• **TASK DIRECTIONS**
Every line below from the one containing "Freut sich über" through the one containing "Building Photo - 5856 N 63rd St" is to be printed exactly, with the pictures omitted.
========
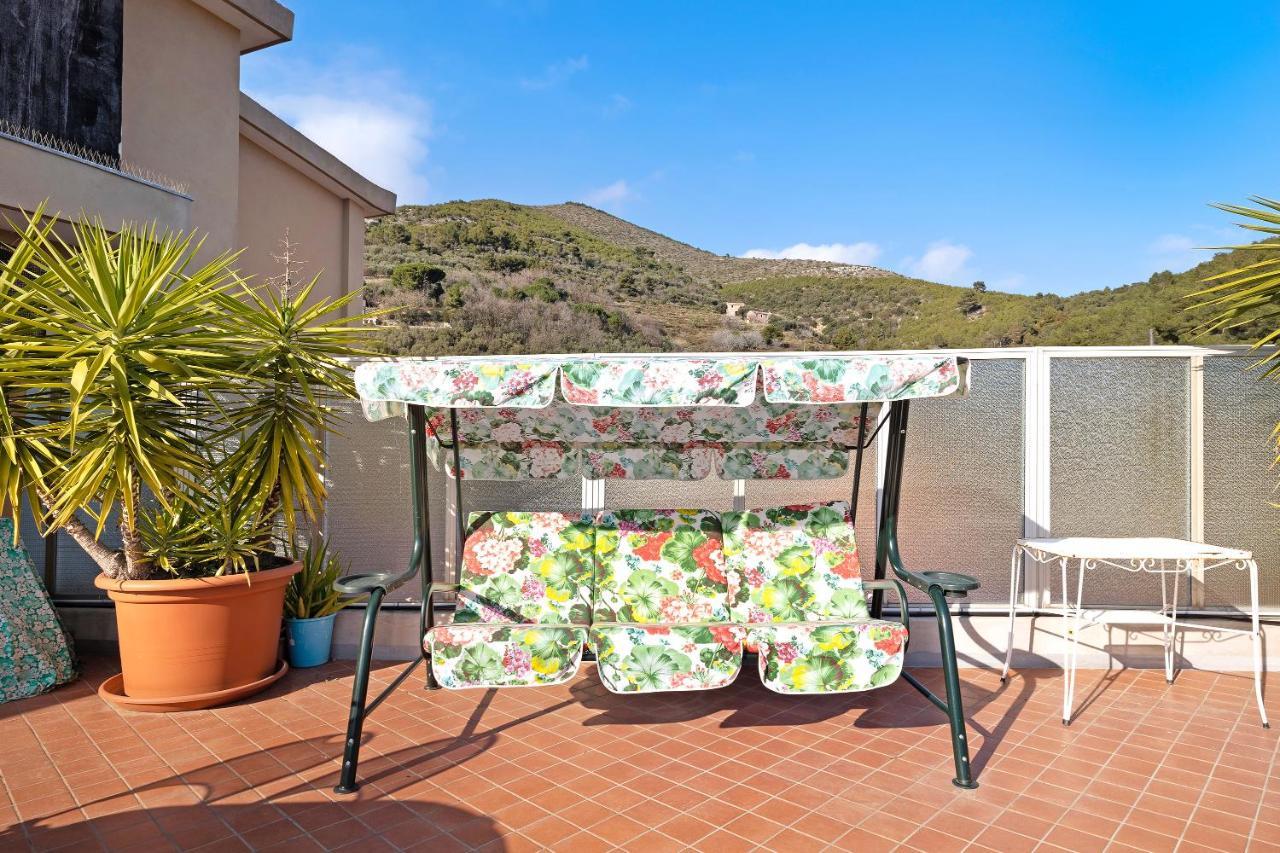 Ferienwohnung Attico Cielo E Mare Spotorno Exterior foto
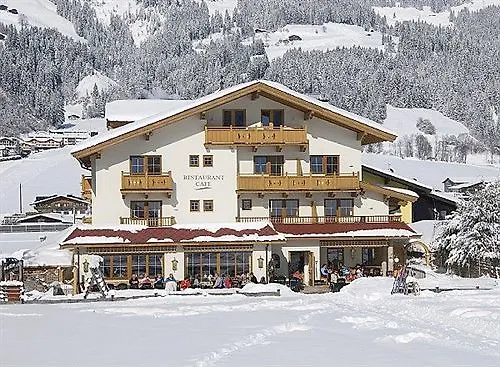 Hotel Loipenstubn Brixen im Thale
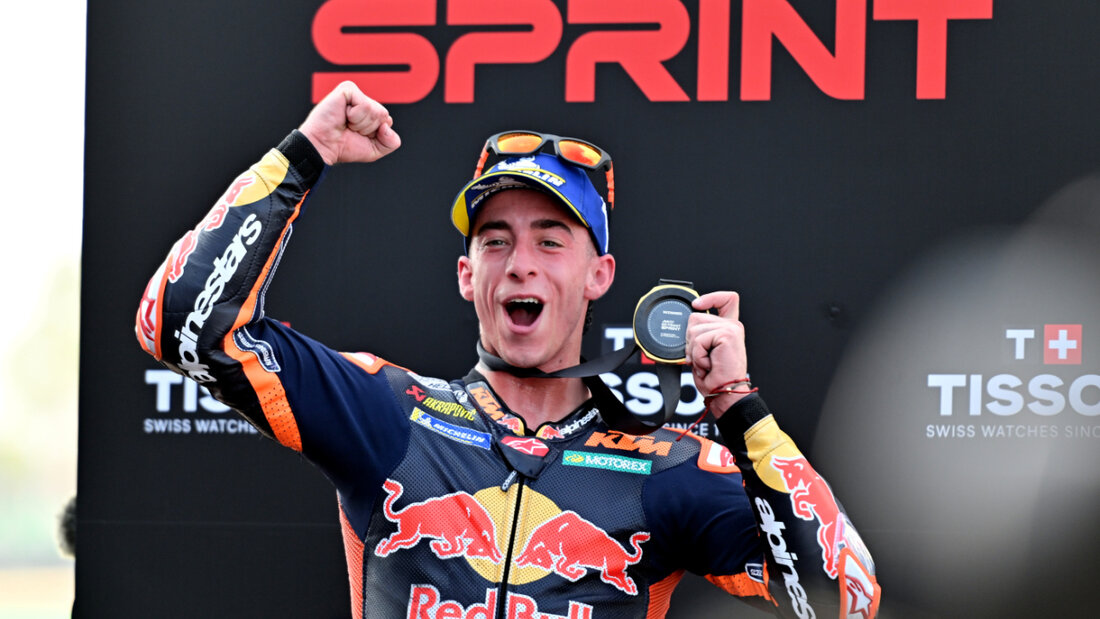 Freut sich über seinen ersten Sieg in der MotoGP: Pedro Acosta 20260228101243556.jpg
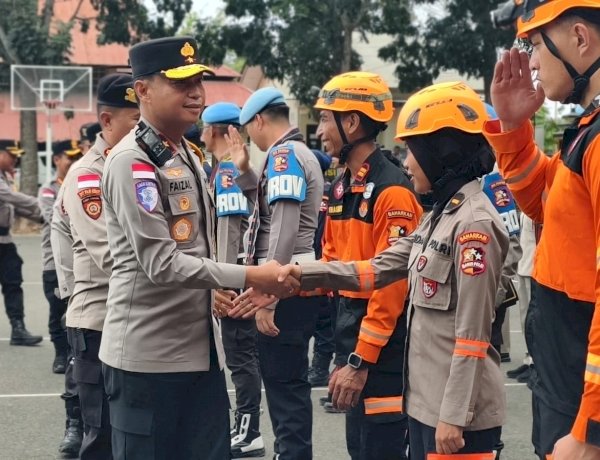 Tuntaskan Misi Kemanusiaan 14 Hari di Flores, 51 Personel BKO Mabes Polri Resmi Dilepas Polda NTT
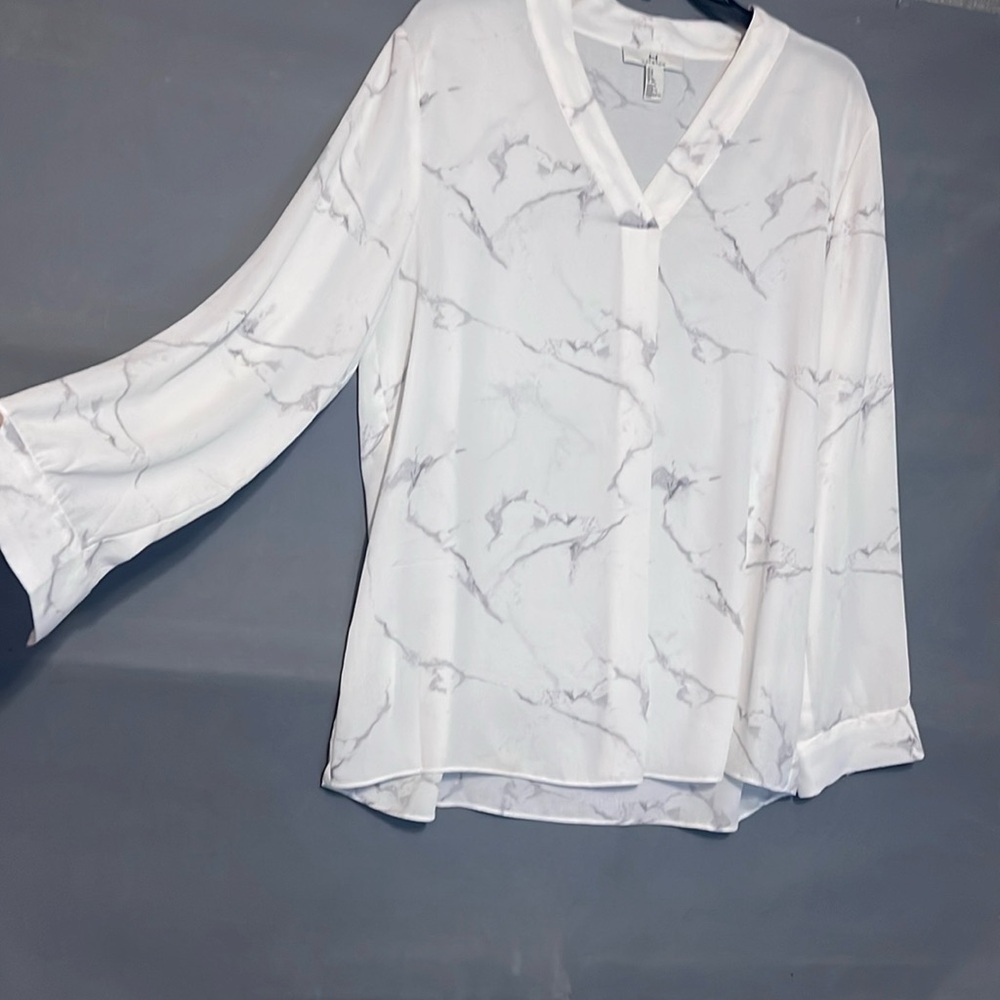 H by Halston Marble Print V-Neck Blouse Large Gray White Abstract Top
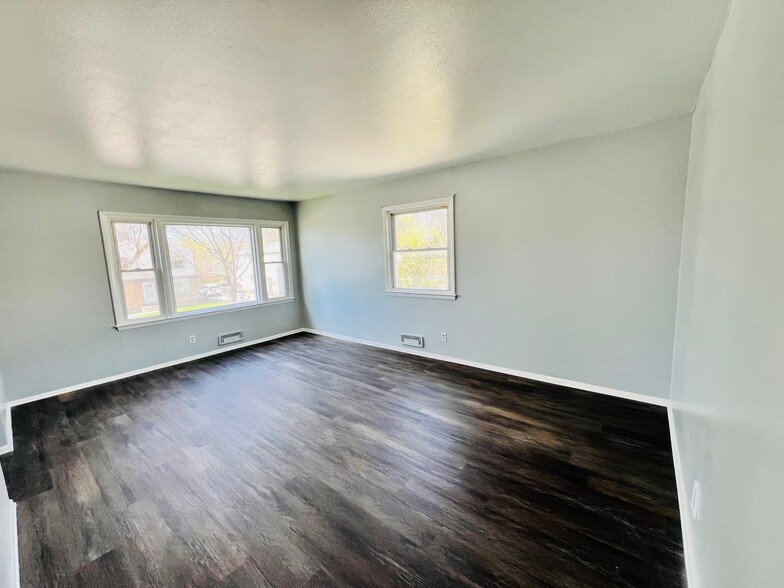 Building Photo - 5856 N 63rd St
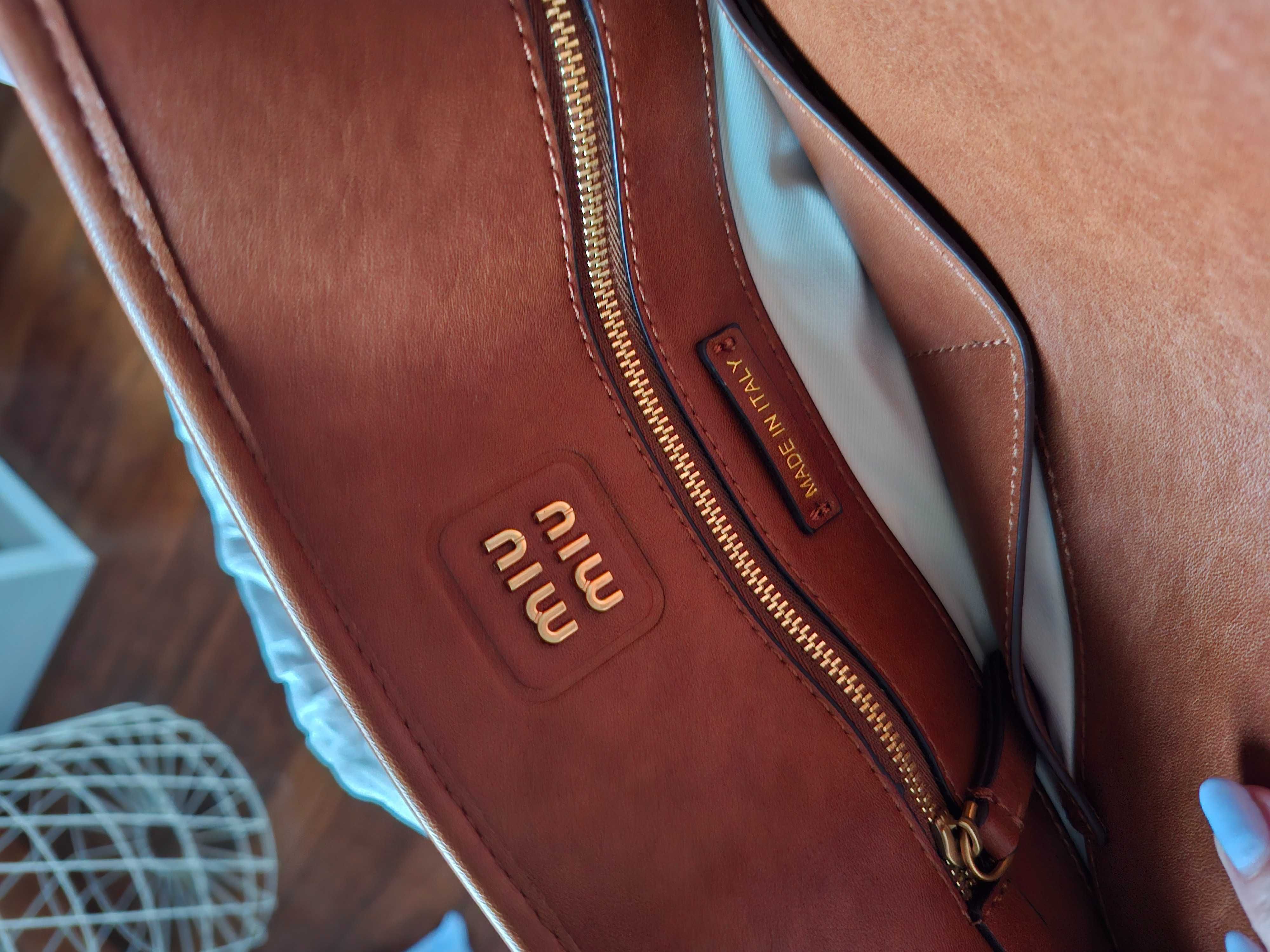 Bolsa Miu Miu Aventure (castanha)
========
• **TASK RESULT**
 Freut sich über seinen ersten Sieg in der MotoGP: Pedro Acosta 20260228101243556.jpg
 Tuntaskan Misi Kemanusiaan 14 Hari di Flores, 51 Personel BKO Mabes Polri Resmi Dilepas Polda NTT
 H by Halston Marble Print V-Neck Blouse Large Gray White Abstract Top
 Building Photo - 5856 N 63rd St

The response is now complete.